Example: For #6x^2+11x-10#, the choices for how to end are #(ax+10)(cx-1)# or the other way around #(ax-10)(cx+1)#
(There's a difference if #a!=b# because the 'minus' sign could go with either the #10# or the #1#.)
OR #(ax+5)(cx-2)# or #(ax-5)(bx+2)#
(Again the 'minus' could go with the #5# or with the #2#.)
Finally, we also need #ad+bc =# the coefficient of #x#,
which in this example is #11#. That's where the "trial" happens. We need to check each of the possibilities.
Here they are:
#(6x+10)(x-1)# or #(6x-10)(x+1)#
#(2x+10)(3x-1)# or #(2x-10)(3x+1)#
#(6x+5)(x-2)# or #(6x-5)(x+2)#
#(2x+5)(3x-2)# or #(2x-5)(3x+2)#
The faster you can do ad+bc (O+I, if you think FOIL),
the faster you can do the checking.
First line, I get #6# and #10#, I'm not going to get #11# from those.
Second line #2# and #30#, no! I won't get #11# from them.

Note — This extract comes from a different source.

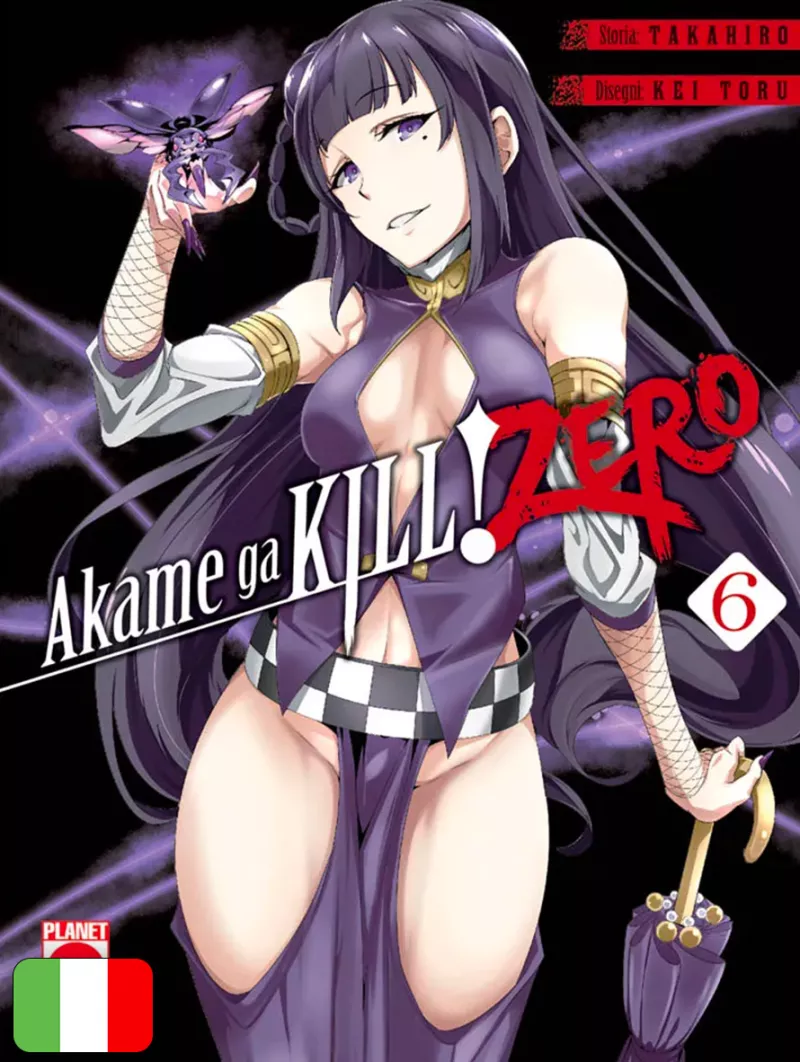 Akame ga Kill! Zero 6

Third line: #12# and #5#, no good.
Fourth line #4# and #15# -- possible!. The difference is 11, so check further: #(2x+5)(3x-2)# gives us #-4# and #+15#, and those add up to #11#. That's the one we want.
To be certain, multiply again:
#(2x+5)(3x-2)=6x^2-4x+15x-10=6x^2+11x-10#.
So that works.
Remember you can't always factor by trial and error. #x^2+2x+7# won't factor using whole numbers.
The only possibilities would be #(x+1)(x+7)# of #(x-1)(x-7)#. But neither of those work.
So #x^2+2x+7# is "prime" or irreducible" or "not factorable" -- depending on what you've been taught to call it.
(If you learn enough math you may learn more about this.)